Work in API Machinery has a broad impact across the project and the ecosystem. It’s an exciting area to work for those able to make a significant time investment on a long time horizon.

The road ahead

FSM: With those different evolutionary stages in mind, what would you pinpoint as the top priorities for the SIG at this time?

David: Reliability, efficiency, and capability in roughly that order.

With the increased usage of our kube-apiserver and extensions mechanisms, we find that our first set of extensions mechanisms, while fairly complete in terms of capability, carry significant risks in terms of potential mis-use with large blast radius. To mitigate these risks, we’re investing in features that reduce the blast radius for accidents (webhook match conditions) and which provide alternative mechanisms with lower risk profiles for most actions (validating admission policy).

At the same time, the increased usage has made us more aware of scaling limitations that we can improve both server and client-side. Efforts here include more efficient serialization (CBOR), reduced etcd load (consistent reads from cache), and reduced peak memory usage (streaming lists).

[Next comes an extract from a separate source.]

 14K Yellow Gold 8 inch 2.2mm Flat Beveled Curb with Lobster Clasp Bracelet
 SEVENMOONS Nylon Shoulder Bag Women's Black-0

And finally, the increased usage has highlighted some long existing gaps that we’re closing. Things like field selectors for CRDs which the Batch Working Group is eager to leverage and will eventually form the basis for a new way to prevent trampoline pod attacks from exploited nodes.

Joining the fun

FSM: For anyone wanting to start contributing, what's your suggestions?

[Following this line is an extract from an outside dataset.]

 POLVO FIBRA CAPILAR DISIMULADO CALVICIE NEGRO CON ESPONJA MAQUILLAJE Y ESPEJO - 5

Federico: SIG API Machinery is not an exception to the Kubernetes motto: Chop Wood and Carry Water. There are multiple weekly meetings that are open to everybody, and there is always more work to be done than people to do it.

I acknowledge that API Machinery is not easy, and the ramp up will be steep. The bar is high, because of the reasons we've been discussing: we carry a huge responsibility. But of course with passion and perseverance many people has ramped up through the years, and we hope more will come.

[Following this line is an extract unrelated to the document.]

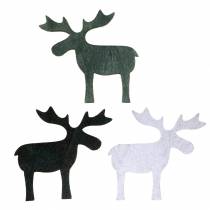 Artículo Decoración dispersa reno negro, plata, gris oscuro surtido 4cm 72 piezas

In terms of concrete opportunities, there is the SIG meeting every two weeks. Everyone is welcome to attend and listen, see what the group talks about, see what's going on in this release, etc.

Also two times a week, Tuesday and Thursday, we have the public Bug Triage, where we go through everything new from the last meeting. We've been keeping this practice for more than 7 years now. It's a great opportunity to volunteer to review code, fix bugs, improve documentation, etc. Tuesday's it's at 1 PM (PST) and Thursday is on an EMEA friendly time (9:30 AM PST). We are always looking to improve, and we hope to be able to provide more concrete opportunities to join and participate in the future.

FSM: Excellent, thank you! Any final comments you would like to share with our readers?

Federico: As I mentioned, the first steps might be hard, but the reward is also larger. Working on API Machinery is working on an area of huge impact (millions of users?), and your contributions will have a direct outcome in the way that Kubernetes works and the way that it's used. For me that's enough reward and motivation!